This week’s reading, ‘Finding Time in a Digital Age’ (Wajcman, 2015) is about our current perceptions of time and technology. During the 20th century, the average time humans spent at work was decreasing, until it came to a standstill in the later half of the century at the democratized and standardized 8 hour days, 5 days a week. But, for some people, the amount they are working is more than ever before, and this text examines various academic texts that have discussed this shift in relation to the development of technology.
What I found most interesting about this article is the inclusion and the importance to the writer of discussing who is being left out of academic conversations about time, work and technology. For example, the discussions on the average work hours of a population fail to note the growing disparity between the work rich/time poor and the unemployed. So although there are people working long hours that include unpaid time working at home, thanks to the mobility and flexibility that technology brings, there are also more people who are unemployed and are being demonized for the way they spend their time. The chapter also discusses the often looked-over gender dynamics of time and work, such as the different patterns of employment between the genders, the inequitable unpaid domestic work and the intensified expectations of parenting. Wajcman ties it all together by explaining our hierarchical time culture, where status and pay measure the value of a person’s time, and that this is the real issue that should be discussed. We should be working on everybody’s time being valued equally. I really agree with Wajcman’s socially conscientious stance.

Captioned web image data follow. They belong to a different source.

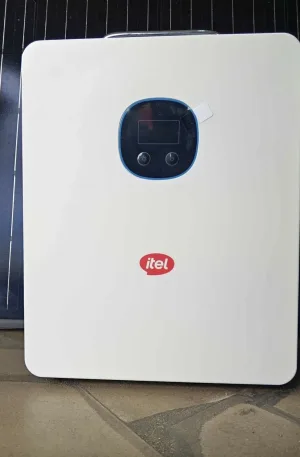 Itel 1000KWh 500W Power Tank Price in Nigeria Nature Solar Global Limited 🇳🇬
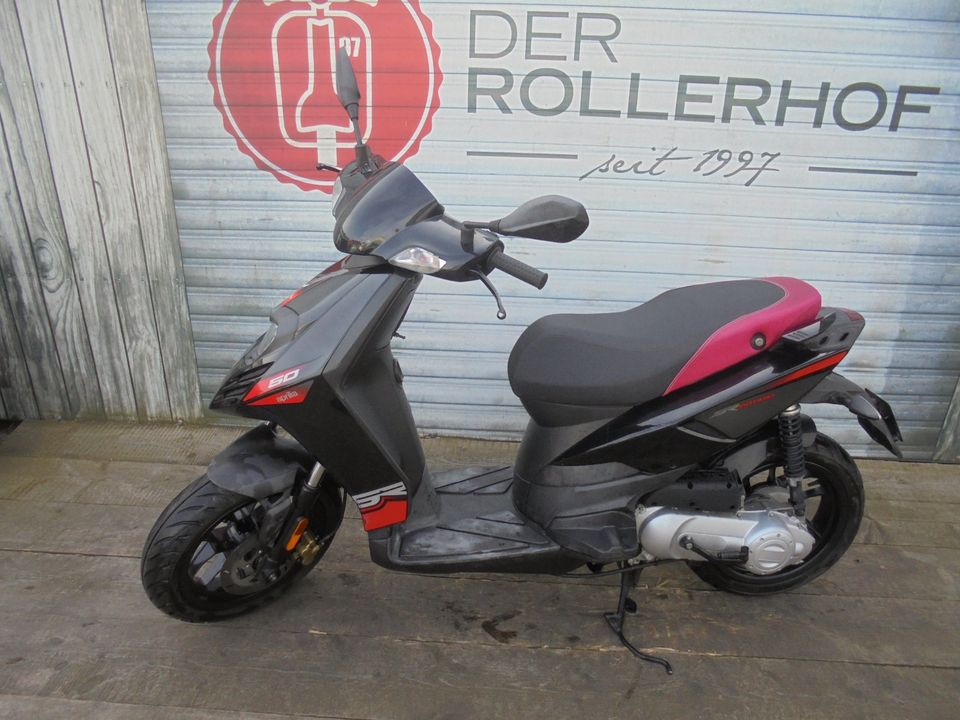 Aprilia SR 50 Motard 2 Takt NR 566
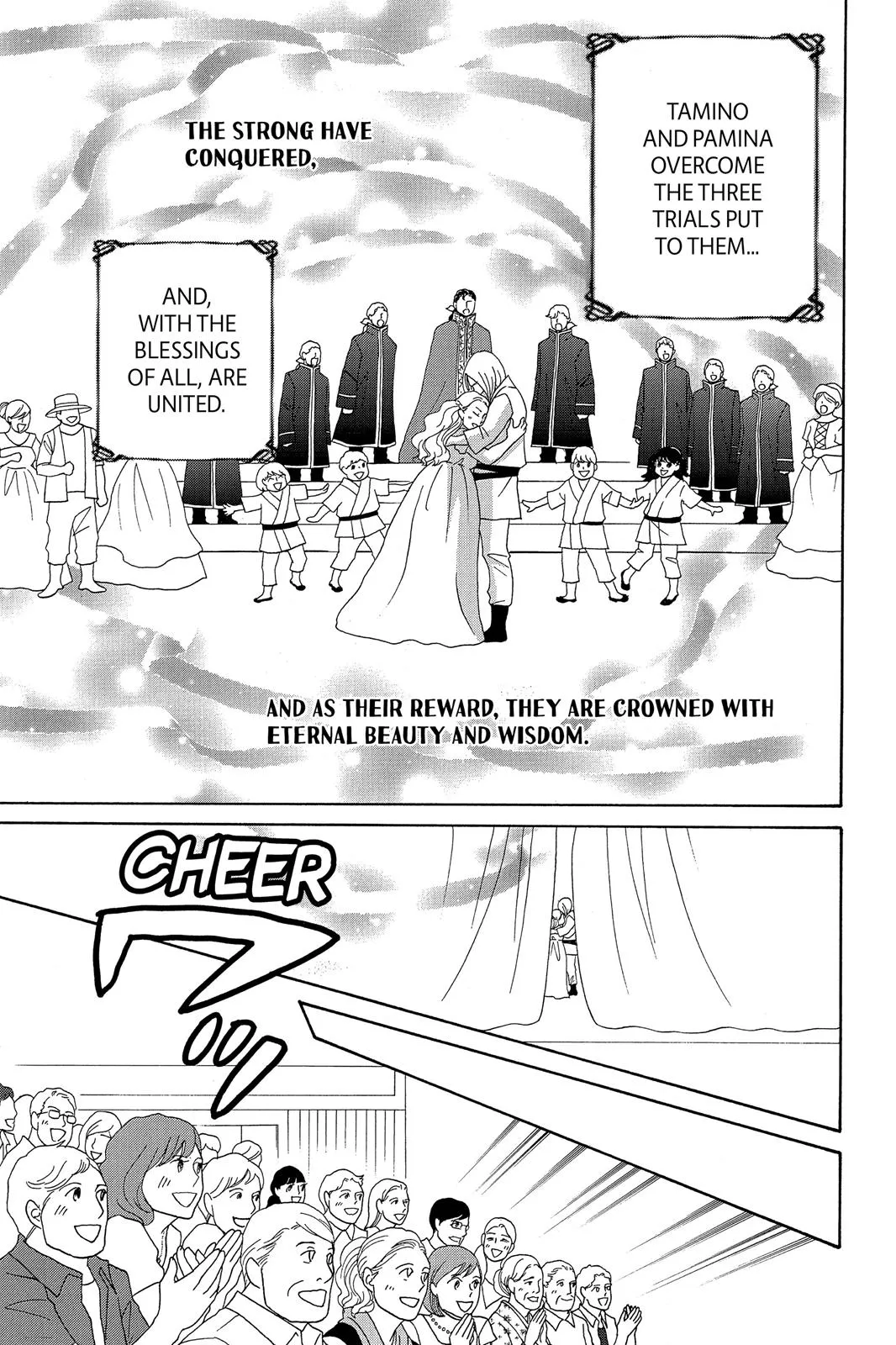 Nodame Cantable: Encore Opera Chapter Chapter 10 page 18 - 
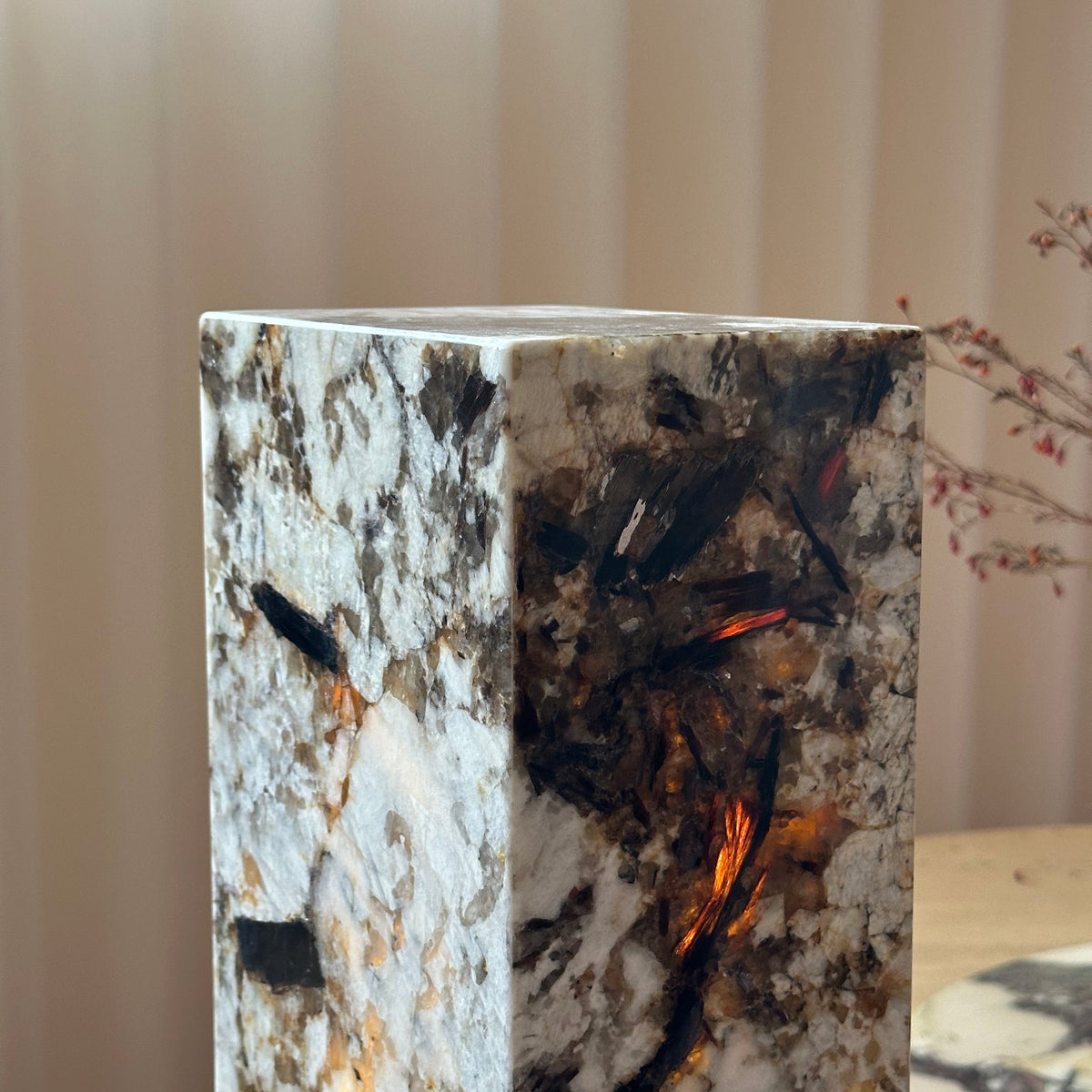 Orelorora Lampe à poser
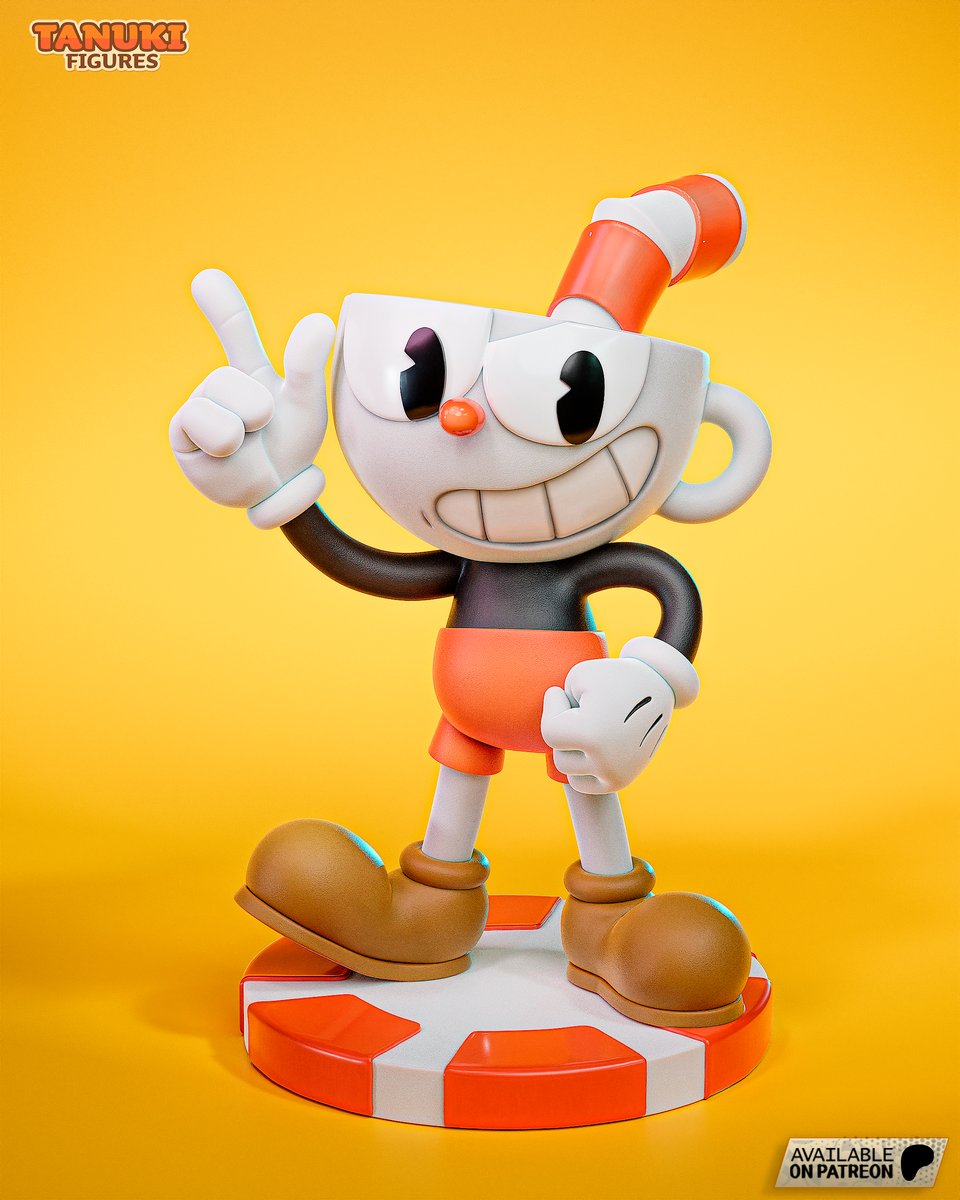 Cuphead - Extra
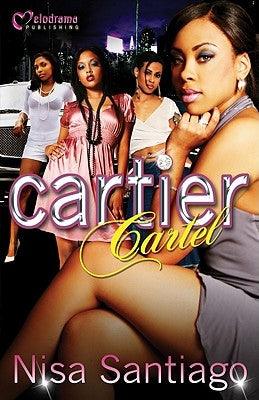 Cartier Cartel - Paperback |  Diverse Reads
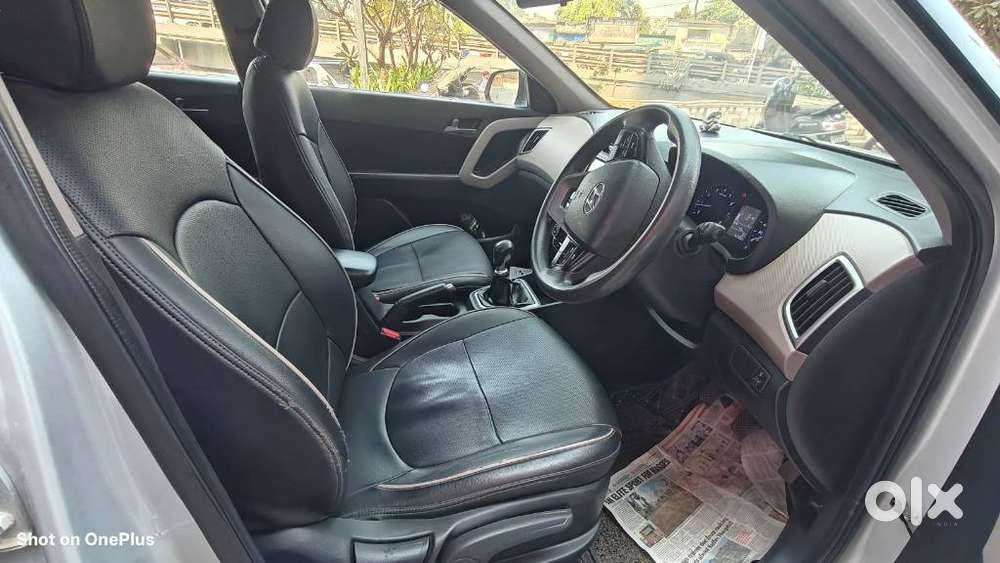 Hyundai Creta 1.6 Sx Plus, 2015, Petrol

Finally, this point that Wajcman makes is very relevant to media and the work that a lot of us in the course want to do: ‘Technology consumes time through its rapid cycle of renewal, requiring an ongoing investment in skill acquisition”. The thing that I find the most difficult about media and the media course is keeping up with all the different technologies that I have to master. At first, I wanted to be good at everything; cameras, sound, editing, producing, but I know now that I am not that kind of person. There are people that can do all those things and do them well, but I don’t have the time or the attention to be able to keep up with all the camera technology and editing software. Over the past year and a half, I have gone down a path where I have focused my attention and abilities on producing, and I think that I excel in this field, so I am glad to know this before the end of my degree.